江西鄱陽,人文薈萃,歷史悠久。1155年,姜夔出生於鄱陽一個書香門第,得益於鄱陽深厚的文化氣息和家庭文化底蘊的雙重浸染,少年姜夔在文學藝術方面表現出了驚人的天賦。姜夔對詩詞歌賦、音律書畫,無一不熟諳精通,是一個身兼多種才藝的人。

姜夔在文學、詩詞、音樂、藝術方面取得的成就與他的身份完全是不相匹配的。有時候,我們會感覺他一定是宮廷音樂家,或者是附庸風雅計程車大夫階層,但其實,他只是一介布衣,而且一生過得相當清貧。

姜夔曾多次參加科舉,但都名落孫山,為了維持生計,只得在顯貴之家做“清客”,依靠吟詩作曲博得達官貴人的賞識,說白了就是依靠自己的才華領取微薄的收入。

當然,做清客可不是一件輕鬆的事情,除了詩詞歌賦樣樣精通之外,陪主家喝酒打牌,娛樂消遣,還要左右逢源,看主人的臉色,清客是一種寄人籬下的寓居生活。

正如清代人在筆記中對清客有過這樣的記載的:“一筆好字不錯,二等才情不露,三斤酒量不醉,四季衣服不當,五子圍棋不悔,六出崑曲不推,七字歪詩不遲,八張馬吊不查,九品頭銜不選,十分和氣不俗。”

這樣的記載雖然對清客的生活有戲謔誇張,但是將清客的形象刻畫得入木三分。

為了生計,姜夔在三十歲投靠了和父親生前交好的詩人蕭德藻。蕭德藻是與范成大、楊萬里、陸游、尤袤齊名的詩人,由於賞識姜夔的才華,加之情趣相投,兩人一見如故。蕭德藻特將自己的侄女許配給姜夔。蕭德藻調官湖州,第二年暮春,正式去湖州上任,姜夔也決定追隨蕭德藻。

途經杭州,蕭德藻介紹姜夔認識了賦閒在此的著名詩人楊萬里。楊萬里對姜夔的詩詞讚歎不已,認為姜夔的詩風酷似唐代著名詩人陸龜蒙,並說“為文無所不工”,由此兩人成為忘年之交的詩友。

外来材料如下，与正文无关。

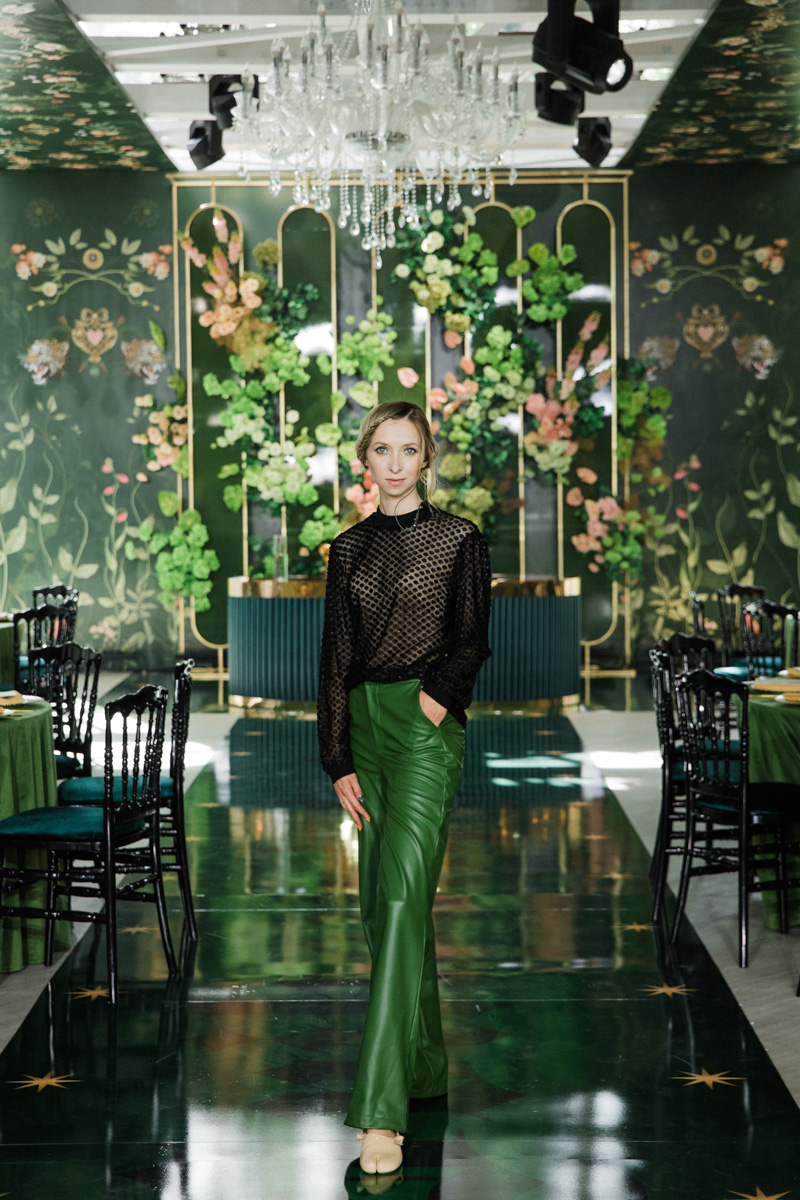 Режиссер родом из Коврова Дарья Мартынова уже давно работает на самом «звездном» уровне. Например, недавно она создала концепт свадьбы известного рэпера Леши Свика и его молодой жены, блогера Ксении Ткачевой, отгремевшей в Москве 30 июня.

之後,楊萬里還專門寫信,把他推薦給另一著名詩人范成大。范成大讀了姜夔的詩詞,也極為喜歡,認為姜夔高雅脫俗,翰墨人品酷似魏晉間人物。

得到楊萬里、范成大兩位詩壇大佬的流量加持,姜夔在詩壇聲名鵲起,當時的名流士大夫都爭相與他結交。

連學者朱熹也對他青睞有加,不但喜歡他的文章,還佩服他深通禮樂。著名詞人辛棄疾對他的詞也深為歎服,曾和他填詞互相酬唱。

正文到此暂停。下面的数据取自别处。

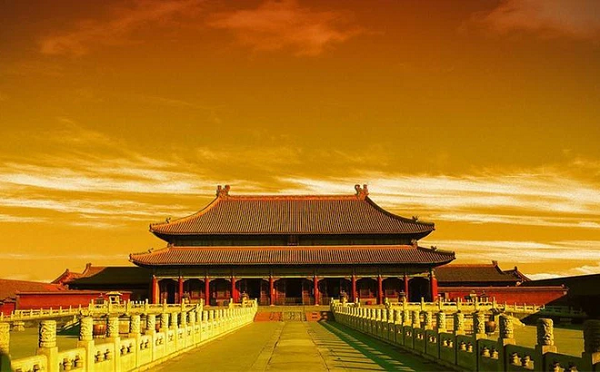 Mãi cho đến khi nó được cải tạo thành Bảo tàng Cố Cung ở Bắc Kinh ngày nay, các bí mật mới dần dần được tiết lộ với thế giới. Trong số vô vàn những bảo vật trân quý còn lưu lại trong Cố Cung, có 1 khối đá đặc biệt mang giá trị rất lớn.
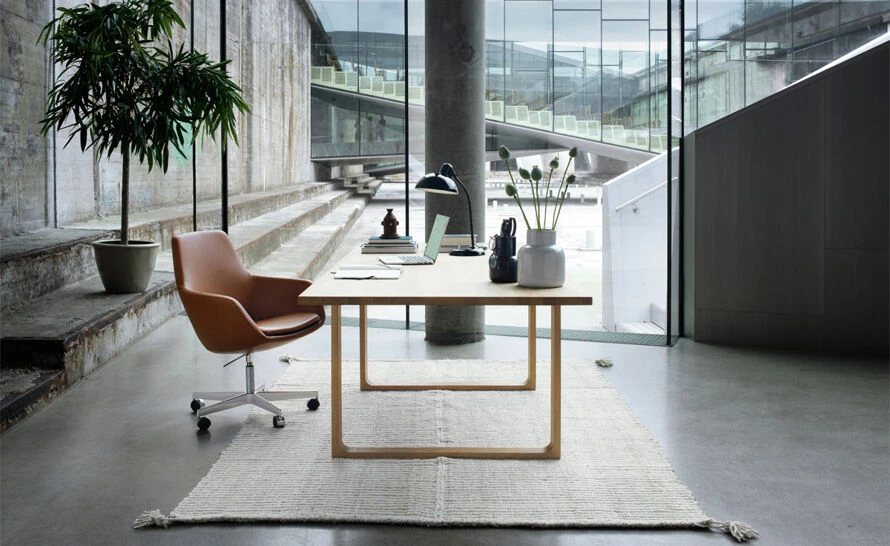 Fritz Hansen Little Giraffe Chair With 5 Star Base - Image 3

湖州弁山風景優美,公元1190年,姜夔正式卜居湖州弁山苕溪白石洞天,遂在圈子中有了“白石道人”的雅號。

在湖州,姜夔度過了人生中較為安適、愜意的十年時光。在湖州居住期間,姜夔仍舊時時四處遊歷,往來於蘇州、杭州、合肥、金陵、南昌等地。

某一年秋季,姜夔乘船過湖州德清,蕭瑟的秋風,讓詩人觸景生情。姜夔回首自己飄零寓居的歲月,又想起合肥女子,一時情難自抑,寫下了兩首同名詩歌《過德清》:

其一

木末誰家縹緲亭,畫堂臨水更虛明。

經過此處無相識,塔下秋云為我生。

第一首寫的是詩人船行所見之景。姜夔的一生幾乎是在漂泊中度過的,這樣的情景是詩人經歷過很多次的,本來沒有可寫的。可是這一次,卻偏偏讓詩人心中升騰起些許況味來。

那不是“我見青山多嫵媚,料青山見我應如是”的沉浸式體驗,那是滿目山河空念遠的感覺,詩人就這樣百無聊賴地看著兩岸的秋景。忽然,他看到遠處一座亭子的一角屋簷從樹梢間隱約顯露出來,詩人試圖用目光鎖定這座亭子。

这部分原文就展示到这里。